Then Sāriputta, being so appointed, entered Rājagaha with a number of Bhikkhus, and proclaimed Devadatta accordingly. And thereupon those people who were unbelievers, and without devotion or insight, spake thus: 'They are jealous, these Sakyaputtiya Samaṇas! They are jealous of the gain and hospitality that fall to Devadatta!' But those who were believers, full of devotion, able, and gifted with insight , spake thus: This cannot be any ordinary affair[5], in that the Blessed One has had Devadatta proclaimed throughout Rājagaha!'

4. And Devadatta went to Ajātasattu the prince, and said to him: 'In former days, prince, people were long-lived, but now their term of life is short. It is quite possible, therefore, that you may complete your time while you are still a prince. So do you, prince, kill your father, and become the Rāja; and I will kill the Blessed One, and become the Buddha.'

And prince Ajātasattu thought, 'This worthy Devadatta has great powers and might; he will know (what is right).' And fastening a dagger[6] against his thigh, he entered with violence and at an unusual hour[7], though fearful, anxious, excited, and alarmed, the royal chamber. And when the ministers who were in attendance in the private chamber saw that, they seized him. And when, on searching him, they found the dagger fastened on his thigh, they asked him:

'What were you going to do, O prince?'

'I wanted to kill my father.'

'Who incited you to this?'

'The worthy Devadatta.'

Then some of the ministers advised 'The prince should be slain, and Devadatta, and all the Bhikkhus.' Others of them advised 'The Bhikkhus ought not to be slain, for they have done no wrong; but only the prince and Devadatta.' Others of them again said, 'Neither should the prince be slain, nor Devadatta, nor the Bhikkhus.

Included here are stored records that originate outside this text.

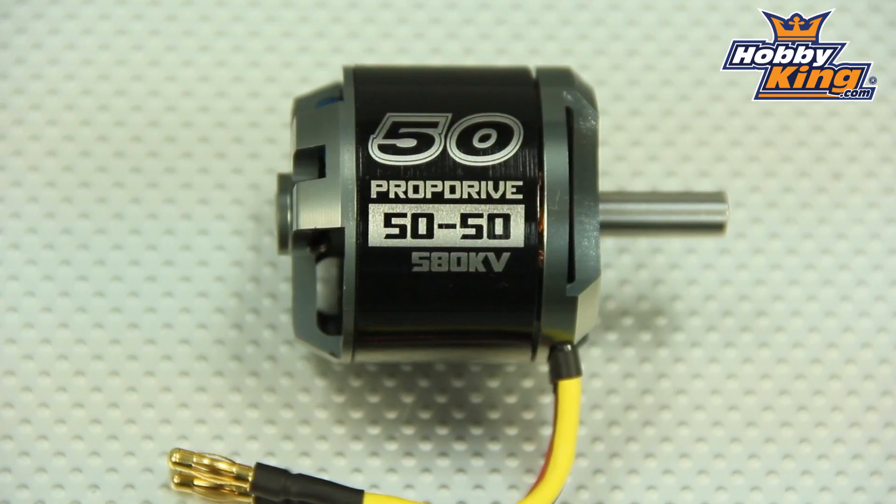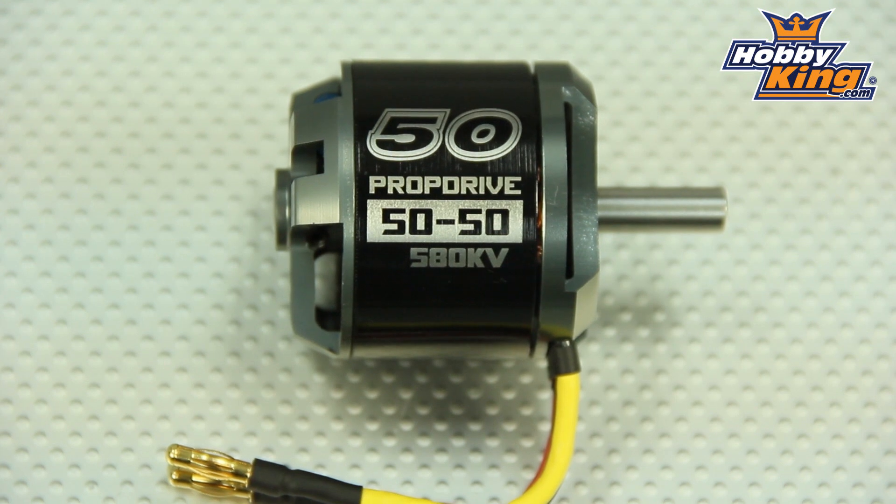Hey guys, Byron here from Hobby King. I have a new motor to show you today from our NTM Prop Drive series. This is the 5050 580KV Brushless Out Runner. It weighs in just at 347 grams, and it's designed around 4 to 6s lipo.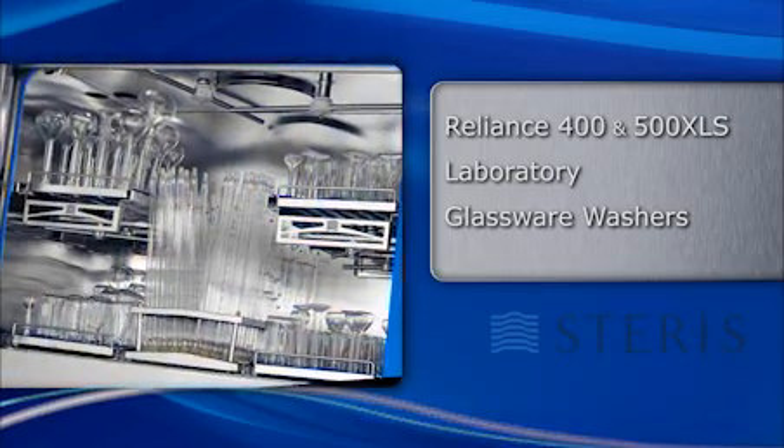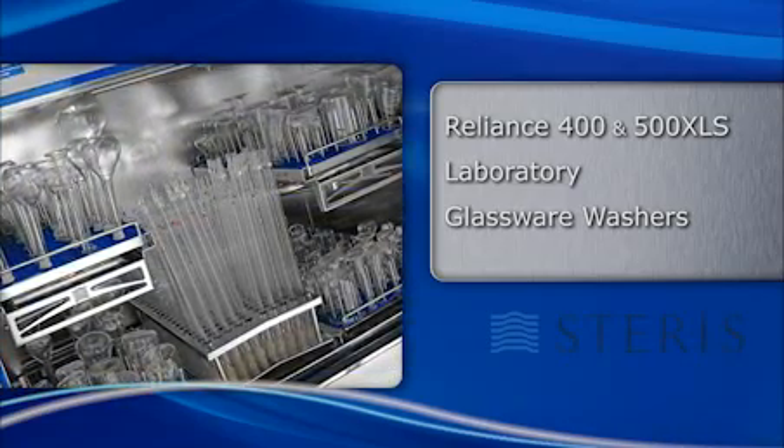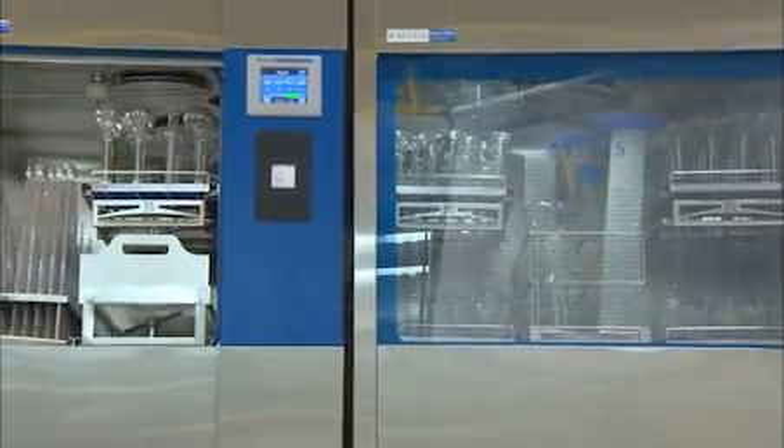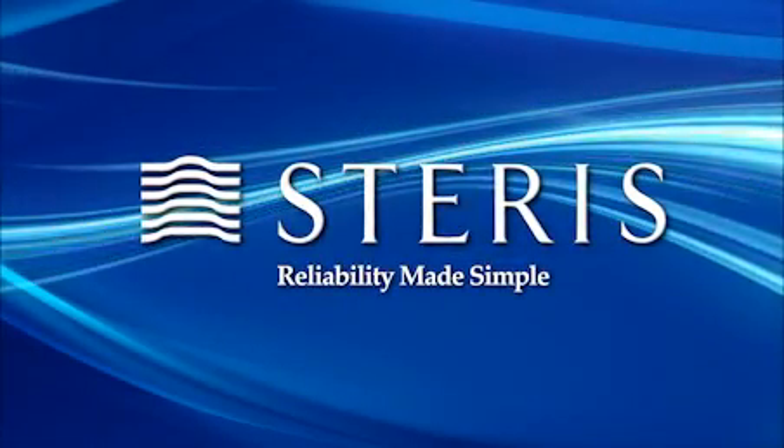When combined with Steris' unmatched global service capabilities and scientifically proven formulated chemistries, the XLS washers have no equal. Reliability Made Simple.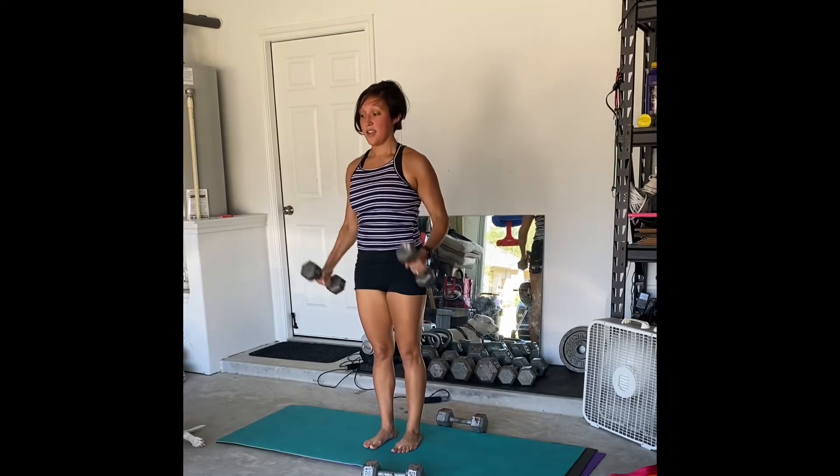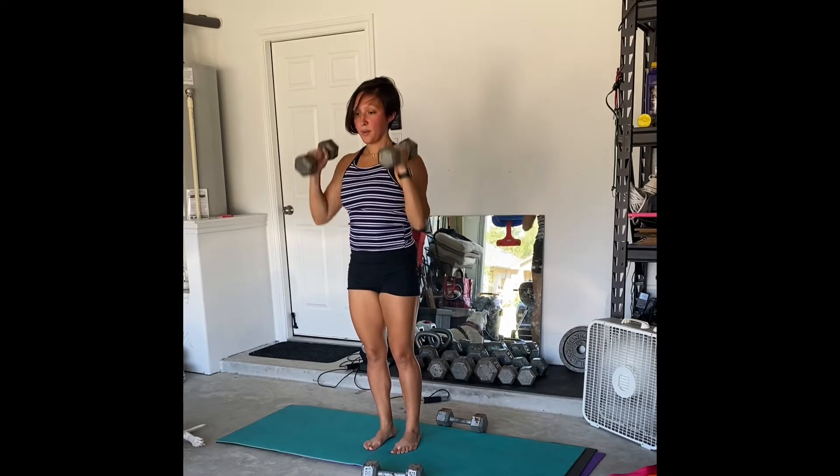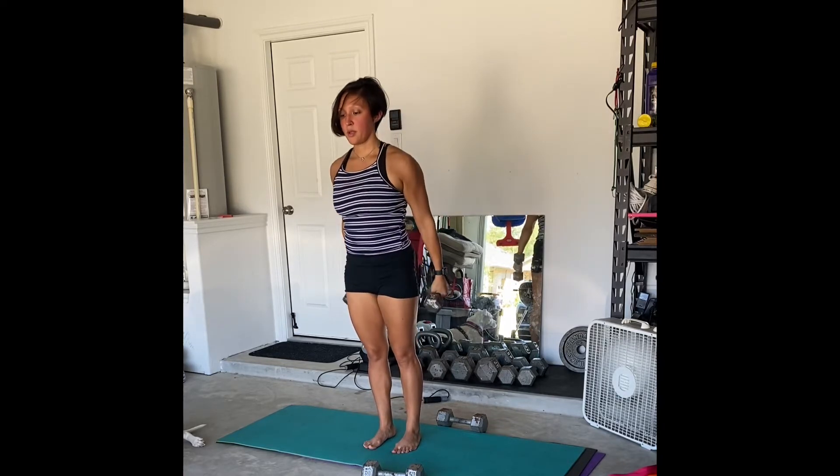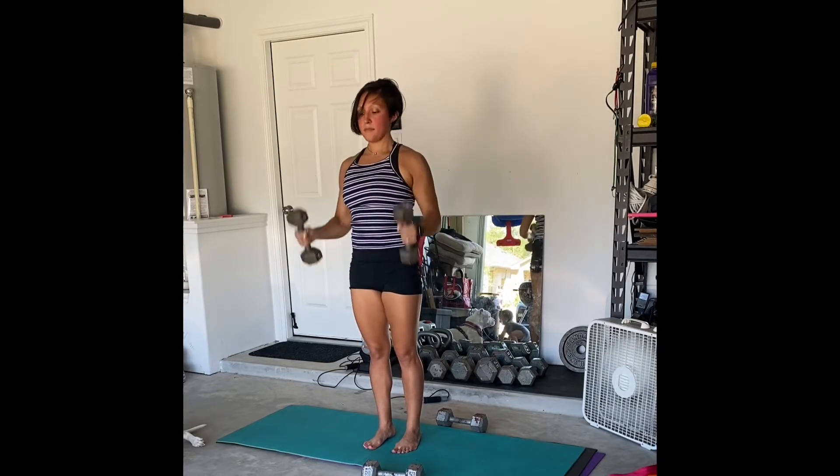This is a hammer curl to a shoulder press. Let the arms fully extend at the bottom so that you can perform the hammer curl, and then from there you're trying to make the smoothest transition up into a shoulder press.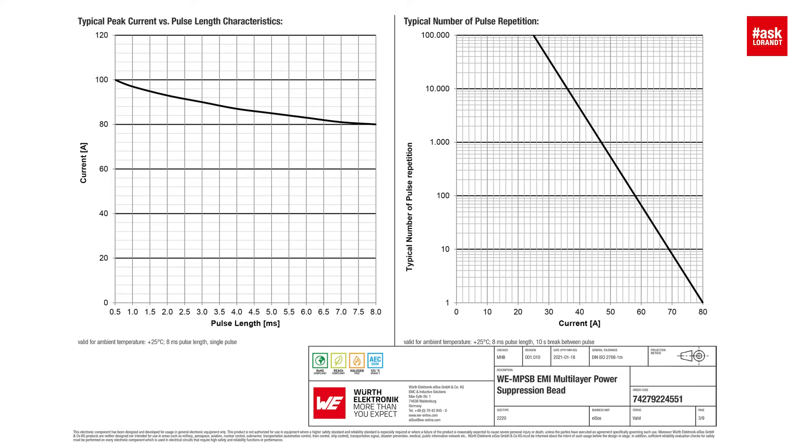How can you know that during the test the component is not broken and still alive? First of all, you can do an optical inspection. Also, we are monitoring the RDC of each part all the time, so you can see when it's open — or before it goes open. We have some graphs in the datasheet showing pulse length and the maximum current.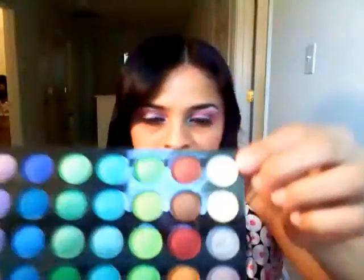The first color I used was this pink one here, and that was on the crease up here. The second color that I used was this one here, and then for the highlighter I used this white one.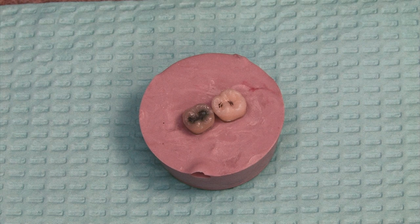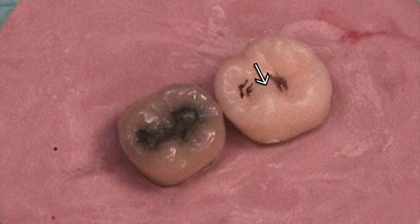Here we have two molars that are going to be worked on in the form of placing direct restorations. You can see in the one that does not have the amalgam, I have an arrow pointing to the area between the two areas of marked decay. That is a transverse ridge. If the decay remains isolated to those two areas, we will not cross the transverse ridge, keeping the strength of that tooth intact. There is no need to connect it unless the decay is actually running between those two cavities.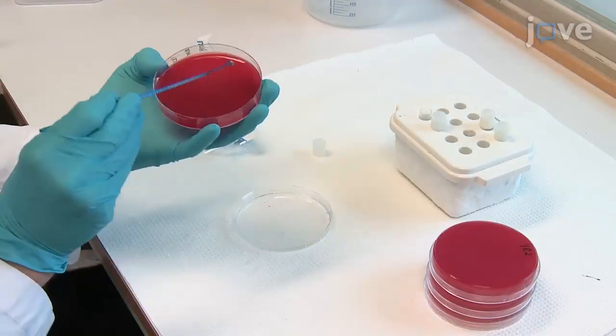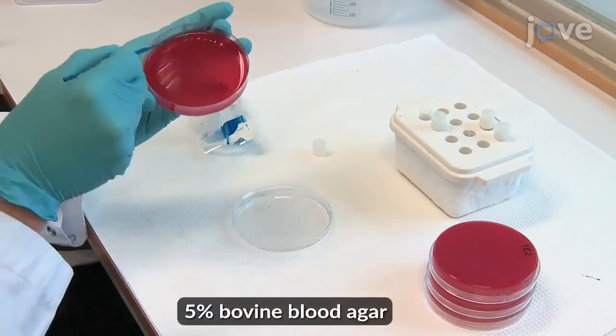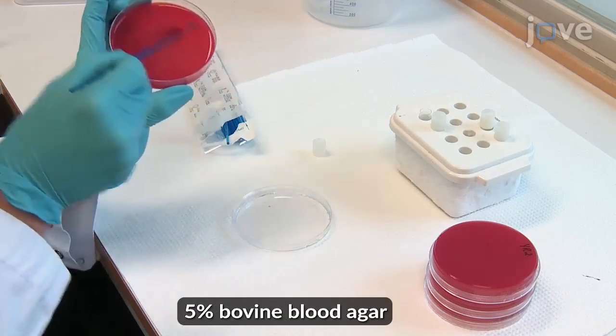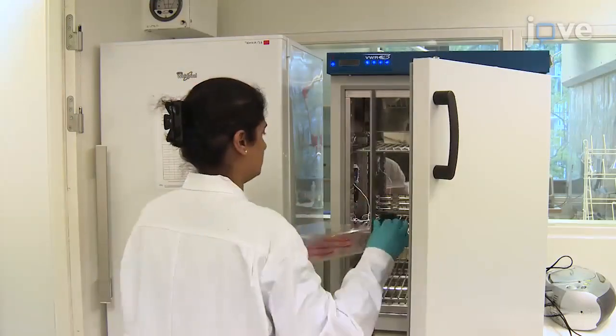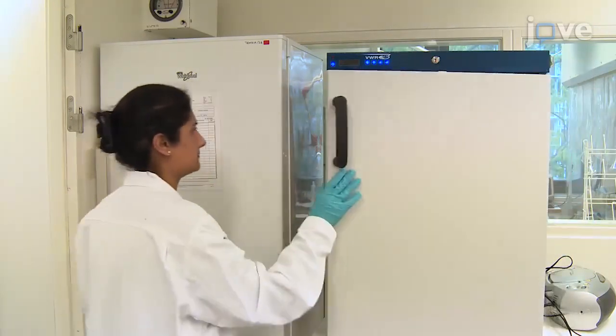To begin, use sterile inoculation loops to streak out Yersinia ruckeri pure cultures on any suitable agar type on petri dishes. Incubate at 22 degrees Celsius for 1 to 2 days, or at 15 degrees Celsius for 3 to 4 days.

But the king should be told of this, and we should do as the king shall command.'

5. So these ministers, taking the prince with them, went to the Rāja of Magadha, to Seniya Bimbisāra, and told him what had happened.

'What advice, my friends, did the ministers give?'

[When they had told him all (as before) he said]: 'What, my friends, can the Buddha, or the Saṃgha, or the Dhamma have to do with this? Has not the Blessed One had a proclamation already made throughout Rājagaha concerning Devadatta, to the effect that whereas his nature used to be of one kind, it is now of another; and that whatsoever he shall do, either bodily or verbally, that shall neither the Buddha, nor the Dhamma, nor the Saṃgha be required, but only Devadatta?'

Then those ministers who had advised that the prince and Devadatta and all the Bhikkhus should be slain, them he made incapable (of ever again holding office) And those ministers who had advised that the prince should be slain, and Devadatta, them he degraded to lower offices. But those ministers who had advised that neither should the prince be slain, nor Devadatta, nor the Bhikkhus, but that the king should be informed of it, and his command be followed, them he advanced to high positions.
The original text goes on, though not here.